(Captioned web image data)
· · · · · · ·

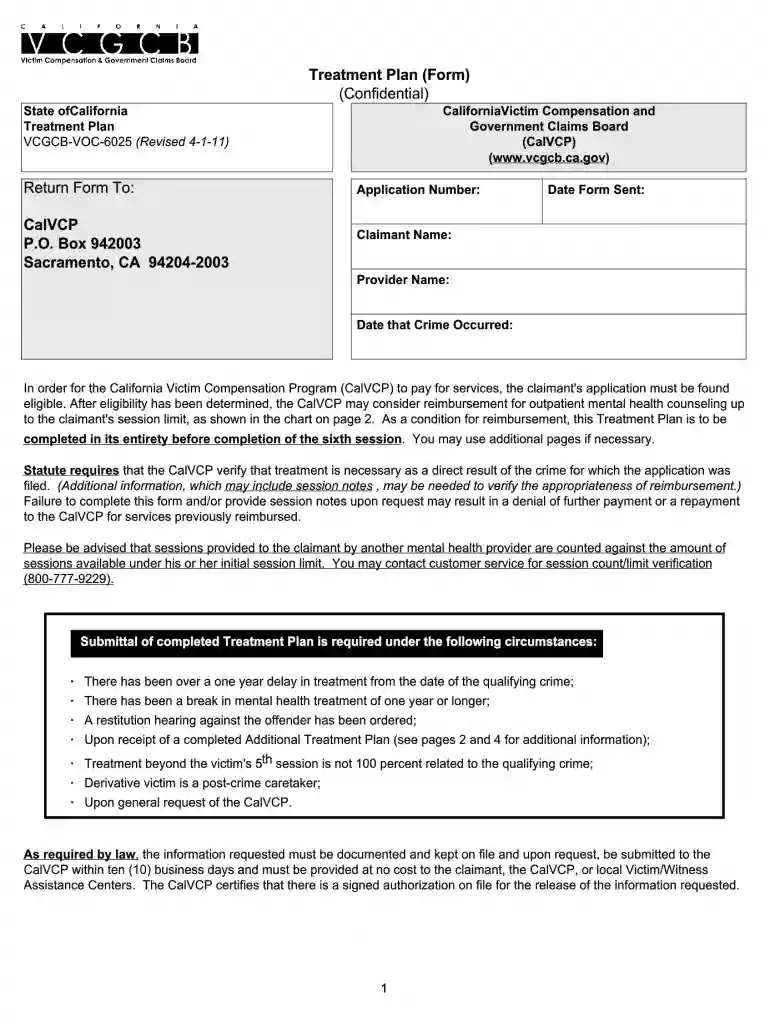 calvcb rental verification form Preview on Page 1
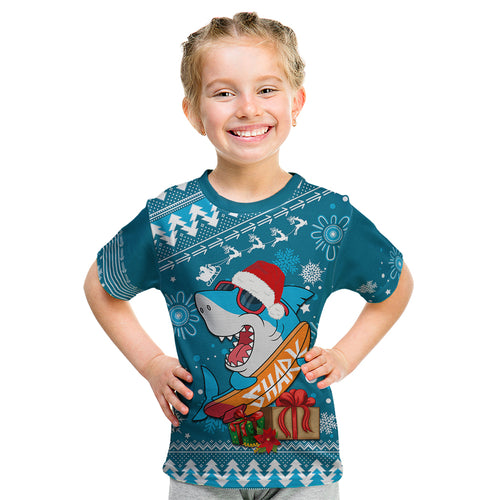sharks-rugby-kid-t-shirt-chirstmas-vibe-2023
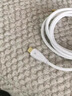 圖拉斯數據線(xiàn)【冰感快充】蘋(píng)果16充電線(xiàn)15ProMax雙向type-c編織線(xiàn)PD60W快充線(xiàn)iphone手機ipad平板車(chē)載 1.2米冰透白｜蘋(píng)果16/15冰感快充·耐用抗彎 【新品熱銷(xiāo)Top】蘋(píng)果1 曬單實(shí)拍圖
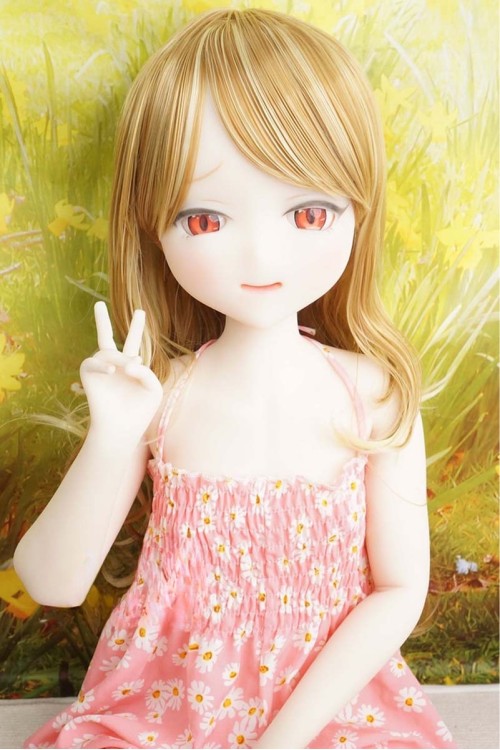 【中古】【中古超美品】Irokebijin色気美人 #Rio A-エルフ耳 ヘッド110cm バスト平 Flat体型 【S-TPE製】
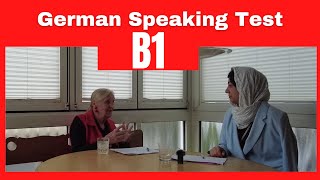 German Speaking Test Level B1 Mündliche Prüfung Telc B1 2023 [upl. by Aharon]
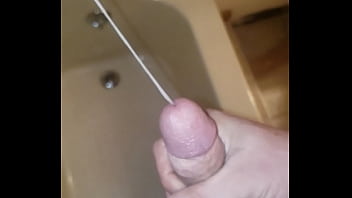 Slow Mo Cumshot In Shower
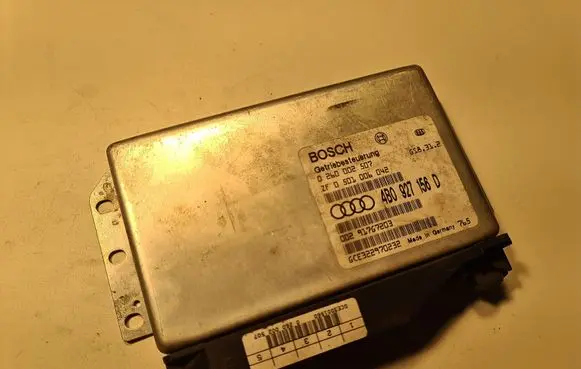 Audi A6 S6 C5 4B Gearbox control unit/module 4B0927156D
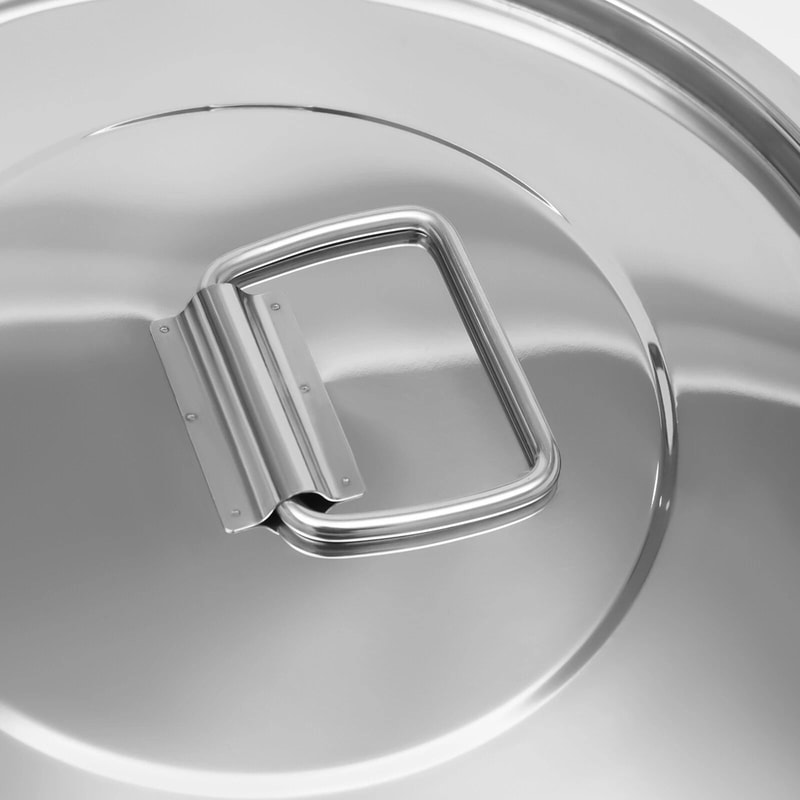 Airtight Rice Container Stainless Steel Food Storage Bucket 2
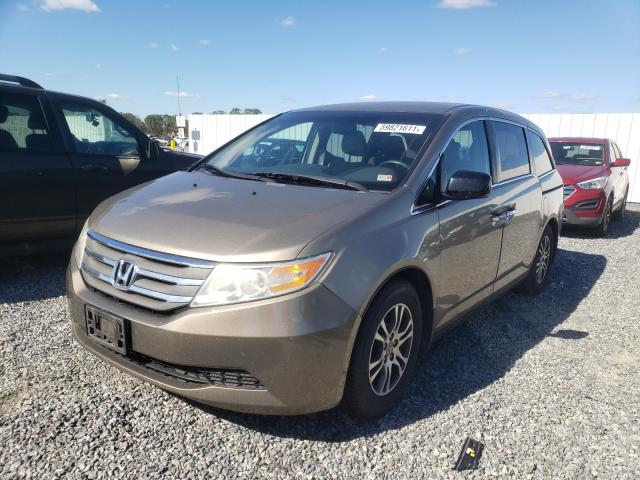 Photo 1 VIN: 5FNRL5H41BB042538 - HONDA ODYSSEY EX 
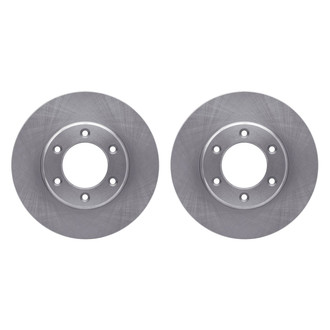 R1 Concepts® - Plain Front Brake Rotor Set
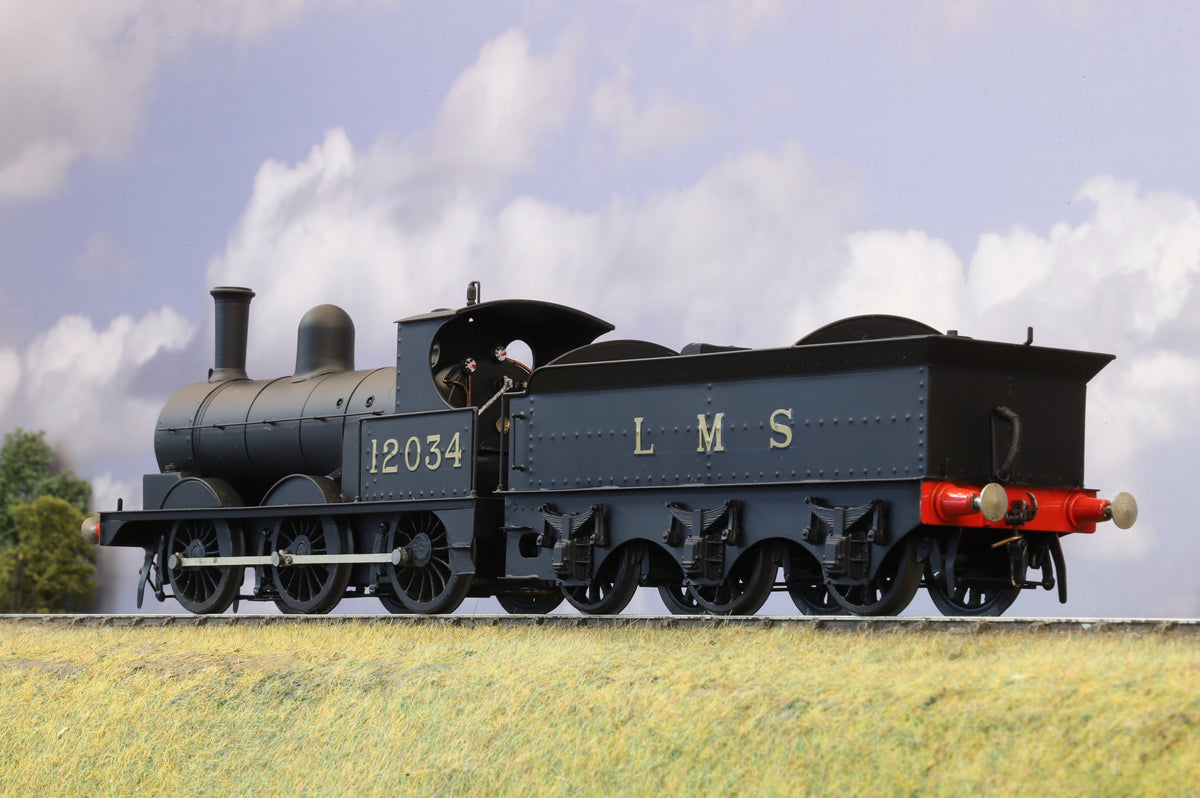 Kit Built Finescale O Gauge (ex L&amp;YR) Class 25 No. 12034 LMS Black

· · · · · · ·

◆ Work to complete ◆
An exact copy of all entries is needed, with no pictures in it.

◆ Your solution ◆
 calvcb rental verification form Preview on Page 1
sharks-rugby-kid-t-shirt-chirstmas-vibe-2023
 圖拉斯數據線(xiàn)【冰感快充】蘋(píng)果16充電線(xiàn)15ProMax雙向type-c編織線(xiàn)PD60W快充線(xiàn)iphone手機ipad平板車(chē)載 1.2米冰透白｜蘋(píng)果16/15冰感快充·耐用抗彎 【新品熱銷(xiāo)Top】蘋(píng)果1 曬單實(shí)拍圖
 【中古】【中古超美品】Irokebijin色気美人 #Rio A-エルフ耳 ヘッド110cm バスト平 Flat体型 【S-TPE製】
 German Speaking Test Level B1 Mündliche Prüfung Telc B1 2023 [upl. by Aharon]
 Slow Mo Cumshot In Shower
 Audi A6 S6 C5 4B Gearbox control unit/module 4B0927156D
 Airtight Rice Container Stainless Steel Food Storage Bucket 2
 Photo 1 VIN: 5FNRL5H41BB042538 - HONDA ODYSSEY EX 
 R1 Concepts® - Plain Front Brake Rotor Set
 Kit Built Finescale O Gauge (ex L&amp;YR) Class 25 No. 12034 LMS Black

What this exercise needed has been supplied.